▶ _What the task asks_: Please print exactly the lines from the line containing "Mercedes-Benz CLA-Class 2025" through the end of the data, no more, and keep pictures out of the copy.

▶ _Stored items from a collection_:
━━━━━━━━━━
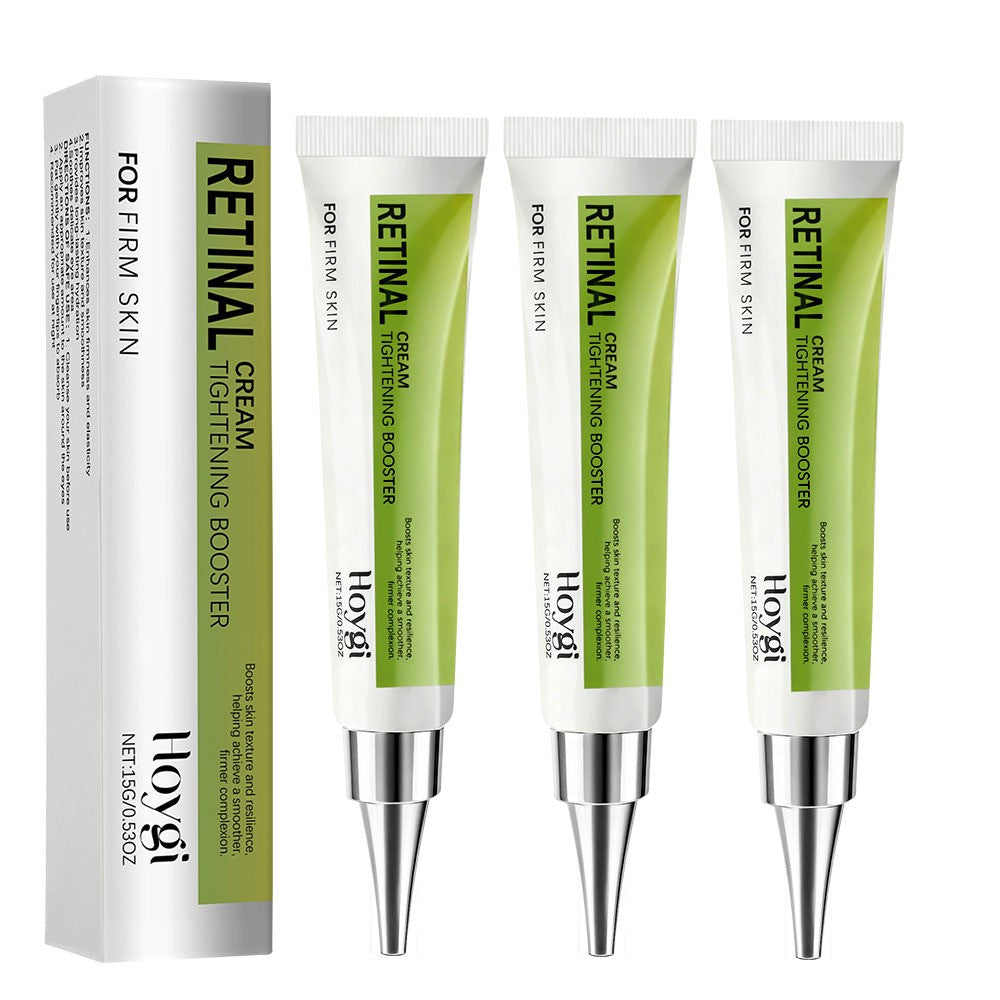 Retinal Eye Cream Set - Anti-Aging, Tightening, Pore Minimizer, Fine Lines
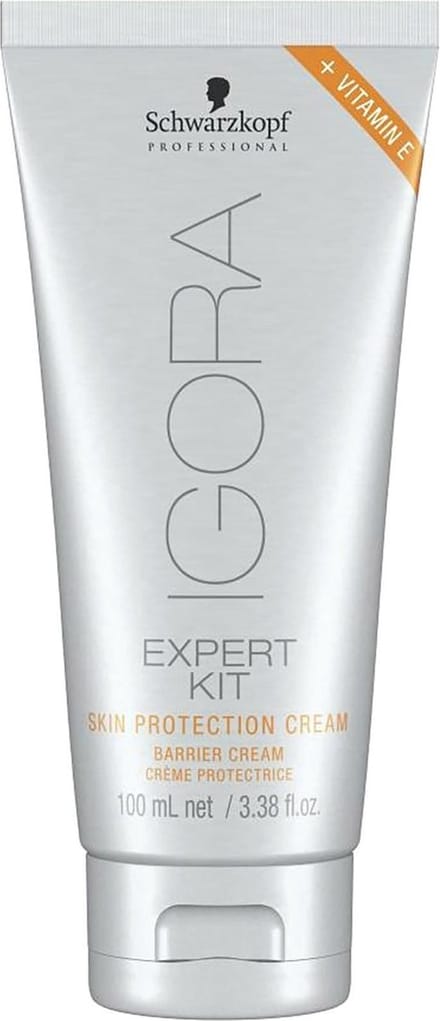 Schwarzkopf Igora Skin Protection Cream - 100 ml - Creme - Haarverf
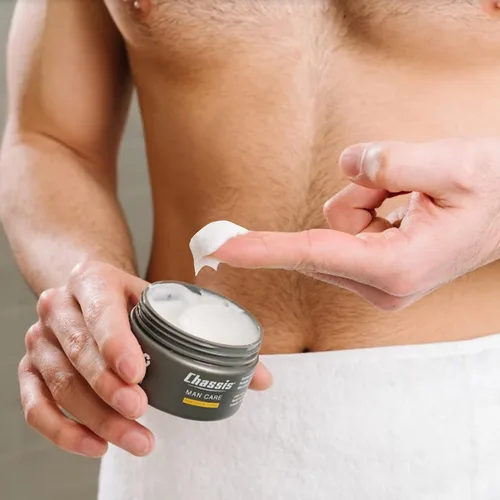 Vista 5 de Crema para hombres Extreme de Chassis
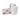 Artiflex® White Polyester / Polypropylene / Polyethylene Undercast Padding Bandage, 10 Centimeter x 3 Meter, view 2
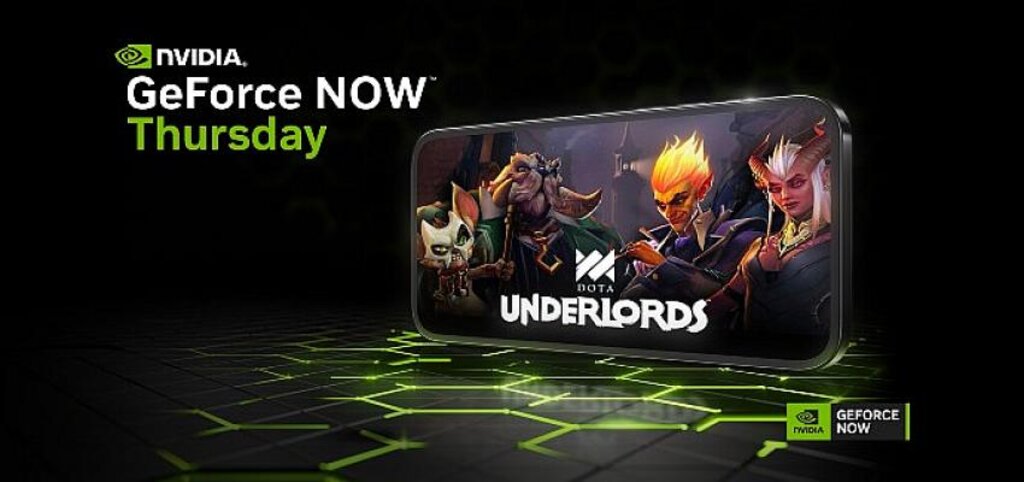 Bu Hafta GeForce NOW'da Yeni Mobil Oyun Kontrolleriyle Harekete Geçin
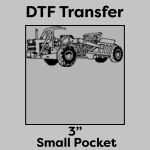 DTF Transfer 3" Thumbnail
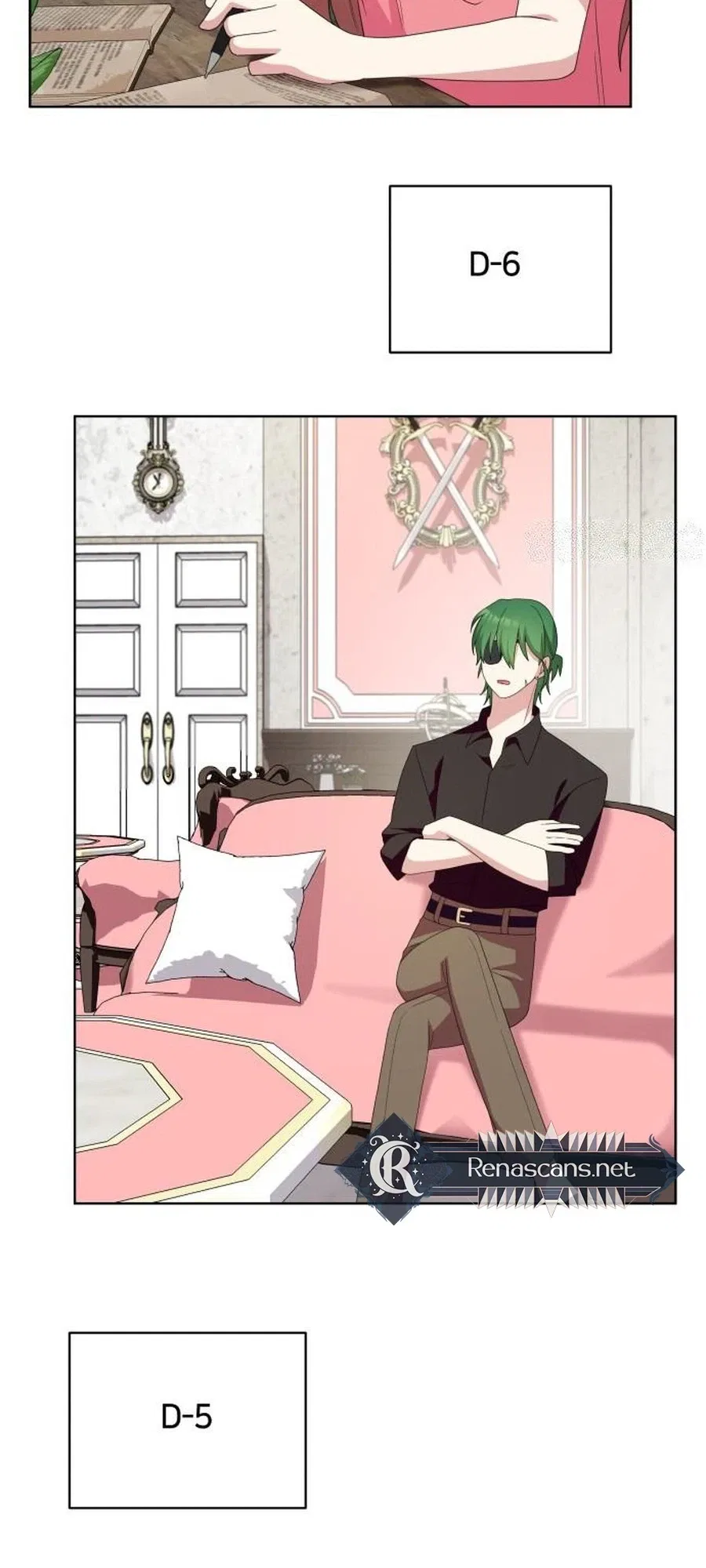 Monster Dressing Room Chapter 56 – Page 19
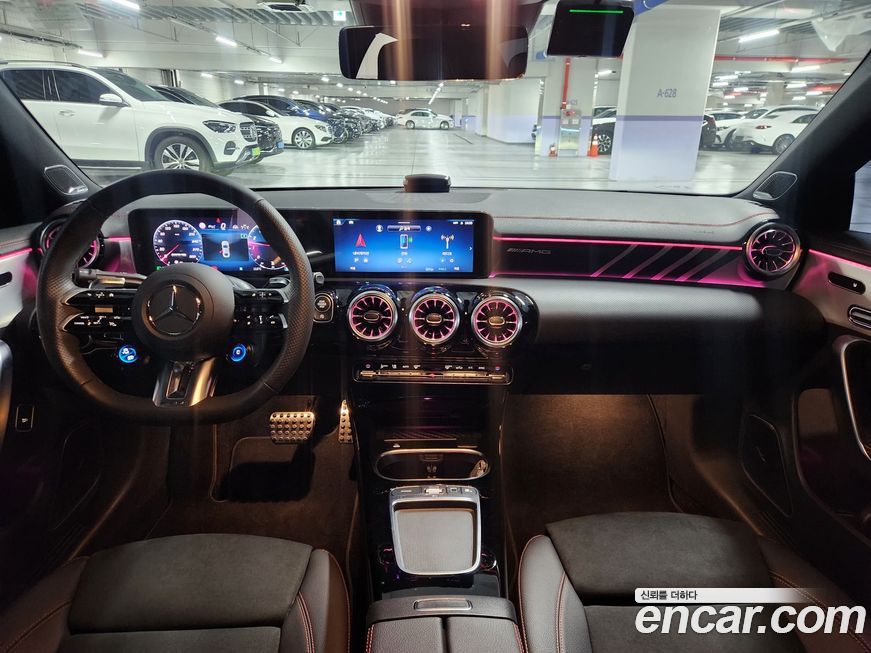 Mercedes-Benz CLA-Class 2025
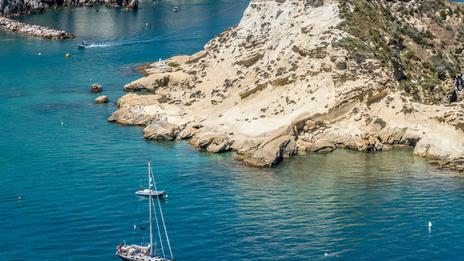 5 îles italiennes où jeter l’ancre loin de la foule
━━━━━━━━━━
▶ _Problem solution_:
 Mercedes-Benz CLA-Class 2025
 5 îles italiennes où jeter l’ancre loin de la foule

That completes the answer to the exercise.